Já agora, vocês pronunciam com ó ou com ô?

Não sei de onde surgiu a pronúncia como proparoxítona. Talvez porque para nós é mais fácil pronunciar *ébola*, que soa como *ebla*, do que *ebola* que soaria como *ibola = e bola*.


----------



## Jabir

Acho que ébola foi uma influência subconsciente de évora


----------



## Alentugano

Jabir said:


> Acho que ébola foi uma influência subconsciente de évora


É claro, mesmo porque tem tudo a ver! Toda vez que eu falo do vírus mortal lembro direto de uma das cidades mais bonitas de Portugal, Évora. ​


----------



## Jabir

Se tudo tivesse tudo a ver, Freud seria apenas mais um bebedor de cerveja desconhecido


----------



## J. Bailica

Vanda said:


> Para nossos amigos portugueses.
> No Brasil pronunciamos e-bo-la (paroxítona), os africanos que apareceram na TV em entrevistas pronunciam /ébola/, donde concluo que vocês pronunciam assim também, certo?

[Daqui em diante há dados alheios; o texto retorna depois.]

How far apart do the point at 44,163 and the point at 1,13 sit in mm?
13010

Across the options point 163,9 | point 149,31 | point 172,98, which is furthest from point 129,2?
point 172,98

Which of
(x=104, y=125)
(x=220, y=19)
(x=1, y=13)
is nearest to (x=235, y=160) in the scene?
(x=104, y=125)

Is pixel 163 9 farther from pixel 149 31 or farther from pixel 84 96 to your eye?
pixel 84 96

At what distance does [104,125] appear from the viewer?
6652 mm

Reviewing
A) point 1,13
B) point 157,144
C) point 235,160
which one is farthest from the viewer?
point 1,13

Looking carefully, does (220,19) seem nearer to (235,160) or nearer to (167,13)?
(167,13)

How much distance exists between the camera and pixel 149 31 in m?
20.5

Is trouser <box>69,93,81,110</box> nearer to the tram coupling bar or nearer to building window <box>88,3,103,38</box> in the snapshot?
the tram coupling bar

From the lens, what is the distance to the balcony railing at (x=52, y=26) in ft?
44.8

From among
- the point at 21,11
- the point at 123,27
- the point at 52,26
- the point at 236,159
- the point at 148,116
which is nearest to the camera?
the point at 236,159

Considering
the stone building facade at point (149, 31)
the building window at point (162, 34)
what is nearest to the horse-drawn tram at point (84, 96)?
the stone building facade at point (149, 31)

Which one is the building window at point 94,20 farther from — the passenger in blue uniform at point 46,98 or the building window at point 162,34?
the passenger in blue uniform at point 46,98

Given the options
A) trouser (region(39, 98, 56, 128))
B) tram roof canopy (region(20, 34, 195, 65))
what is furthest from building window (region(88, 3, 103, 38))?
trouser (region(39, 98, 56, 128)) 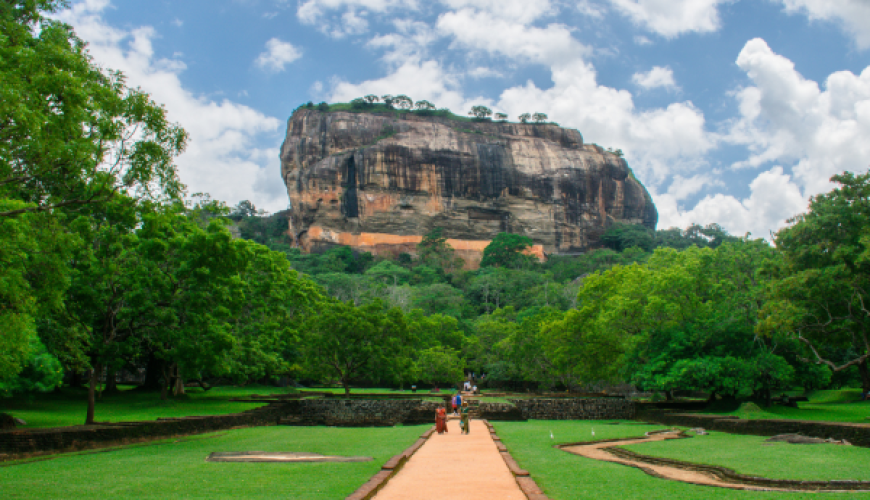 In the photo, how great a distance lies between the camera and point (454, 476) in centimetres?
852

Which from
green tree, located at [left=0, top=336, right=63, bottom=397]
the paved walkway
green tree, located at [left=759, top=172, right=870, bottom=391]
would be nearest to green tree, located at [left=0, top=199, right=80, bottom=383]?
green tree, located at [left=0, top=336, right=63, bottom=397]

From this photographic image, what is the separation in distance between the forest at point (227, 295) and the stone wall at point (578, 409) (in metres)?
1.66

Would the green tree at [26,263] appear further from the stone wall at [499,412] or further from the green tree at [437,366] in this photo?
the green tree at [437,366]

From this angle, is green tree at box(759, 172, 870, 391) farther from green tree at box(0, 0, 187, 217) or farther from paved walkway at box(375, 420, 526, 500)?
green tree at box(0, 0, 187, 217)

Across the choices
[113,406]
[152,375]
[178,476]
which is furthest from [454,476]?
[152,375]

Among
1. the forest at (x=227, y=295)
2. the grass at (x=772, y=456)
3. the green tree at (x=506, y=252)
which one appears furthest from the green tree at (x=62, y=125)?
the green tree at (x=506, y=252)

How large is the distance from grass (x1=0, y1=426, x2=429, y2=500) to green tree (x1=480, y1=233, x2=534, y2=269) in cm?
7394

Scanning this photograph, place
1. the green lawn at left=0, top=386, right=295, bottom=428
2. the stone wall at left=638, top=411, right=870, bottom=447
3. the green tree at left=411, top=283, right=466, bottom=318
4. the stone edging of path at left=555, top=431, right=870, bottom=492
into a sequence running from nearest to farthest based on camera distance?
the stone edging of path at left=555, top=431, right=870, bottom=492
the stone wall at left=638, top=411, right=870, bottom=447
the green lawn at left=0, top=386, right=295, bottom=428
the green tree at left=411, top=283, right=466, bottom=318

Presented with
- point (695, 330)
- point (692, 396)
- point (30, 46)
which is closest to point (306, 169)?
point (692, 396)

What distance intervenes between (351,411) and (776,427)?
16.4 m

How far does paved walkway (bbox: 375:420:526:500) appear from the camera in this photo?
23.4 feet

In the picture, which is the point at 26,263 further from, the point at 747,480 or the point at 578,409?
the point at 578,409

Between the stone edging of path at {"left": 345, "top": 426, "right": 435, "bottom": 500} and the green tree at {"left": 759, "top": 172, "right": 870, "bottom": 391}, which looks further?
the green tree at {"left": 759, "top": 172, "right": 870, "bottom": 391}

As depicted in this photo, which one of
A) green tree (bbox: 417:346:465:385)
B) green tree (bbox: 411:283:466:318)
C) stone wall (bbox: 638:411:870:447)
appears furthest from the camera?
green tree (bbox: 411:283:466:318) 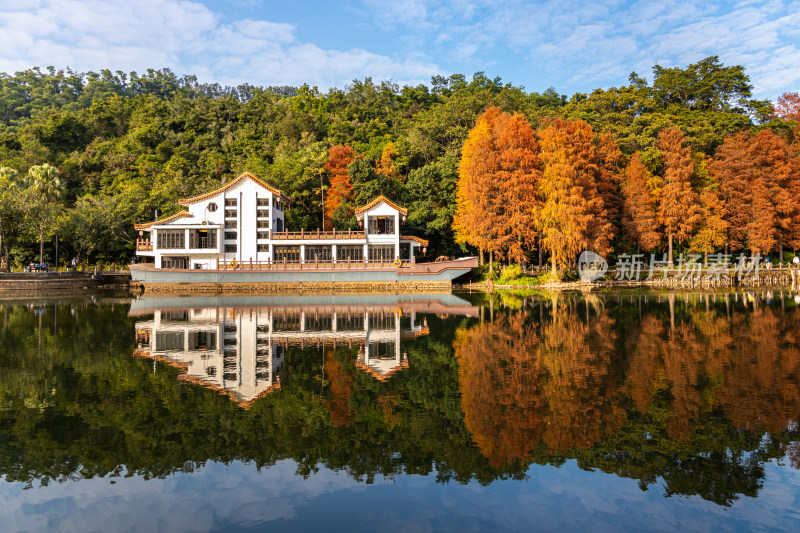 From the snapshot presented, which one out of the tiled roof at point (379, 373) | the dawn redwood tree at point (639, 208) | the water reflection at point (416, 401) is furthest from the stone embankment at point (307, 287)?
the tiled roof at point (379, 373)

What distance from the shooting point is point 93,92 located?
105 metres

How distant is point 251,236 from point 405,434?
37774mm

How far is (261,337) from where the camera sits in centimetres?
1634

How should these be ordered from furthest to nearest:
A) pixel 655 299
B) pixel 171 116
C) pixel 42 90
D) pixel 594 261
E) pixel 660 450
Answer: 1. pixel 42 90
2. pixel 171 116
3. pixel 594 261
4. pixel 655 299
5. pixel 660 450

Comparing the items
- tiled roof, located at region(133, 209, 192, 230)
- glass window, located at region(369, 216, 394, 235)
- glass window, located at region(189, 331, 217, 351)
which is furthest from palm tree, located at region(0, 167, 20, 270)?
glass window, located at region(189, 331, 217, 351)

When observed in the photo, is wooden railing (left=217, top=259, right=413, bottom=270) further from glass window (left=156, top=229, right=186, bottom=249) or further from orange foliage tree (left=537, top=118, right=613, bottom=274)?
orange foliage tree (left=537, top=118, right=613, bottom=274)

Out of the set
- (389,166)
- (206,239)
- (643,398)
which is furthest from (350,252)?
(643,398)

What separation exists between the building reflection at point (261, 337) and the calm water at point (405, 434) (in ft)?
0.49

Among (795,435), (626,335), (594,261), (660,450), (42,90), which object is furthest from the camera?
(42,90)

Desculpe a(s) pergunta(s) um pouco desviada(s), Vanda, mas esses africanos eram de língua portuguesa, certo? Passaram então na TV brasileira, é isso? Só estou a perguntar porque pensava que não havia ébola (ou ébola ) em países de língua portuguesa, pelo menos em números significativos mas, se passou uma reportagem na TV, talvez não seja bem assim. E então de onde eram,  já agora. 
Basta responder de forma telegráfica, se souber, e puder, desculpe qualquer coisinha .


----------



## Alandria

Antigamente eu pronunciava como Ébola (anos 90, aliás, TODO MUNDO falava assim), mudei a pronúncia para ê-bó-la porque todo mundo fala assim agora...


----------



## Alandria

xiskxisk said:


> Ébola -> 'ɛ.bu.lɐ


Incrível como todo Portugal e África têm uma pronúncia tão bem definida para as vogais pré-tônicas e pós-tônicas. Aqui no Brasil, se fosse uma palavra proparoxítona, teríamos isso:
'ɛ.bu.lɐ
'ɛ.bo.la
'ɛ.bo.lɐ
'ɛ.bɔ.la (baianismo puro)


----------



## xiskxisk

Alandria said:


> Antigamente eu pronunciava como Ébola (anos 90, aliás, TODO MUNDO falava assim), mudei a pronúncia para ê-bó-la porque todo mundo fala assim agora...



Show debola.


----------



## mexerica feliz

xiskxisk said:


> Show debola.



favor grafar assim: d'ebola


----------



## Vanda

Meninos, parando com as brincadeiras.
Alentugano, o africano falava português, agora não sei se era porque estava no  Brasil ou se é de país de língua portuguesa que estava vivendo na área afetada....E sim, entrevistado na tv brasileira, estava chegando no aeroporto.


----------



## Hyperião

Achei piada a essa do "dever-se-ia pronunciar assim ou assado". Então aí também ninguém deveria dizer os-CAR mas sim OS-car. Lembra-me mais "ébano" que "Évora", mas se calhar é pela minha cama ser dessa madeira. É tudo para o tropical.


----------



## xiskxisk

tulipa
logótipo
Florida
transístor
...


----------



## Guigo

xiskxisk said:


> tulipa
> logótipo
> Florida
> transístor
> ...



Aqui é tulipa (parox.) e transístor (com acento, mas alguns falam transistor, oxítona). Depois dizemos Flórida e logotipo.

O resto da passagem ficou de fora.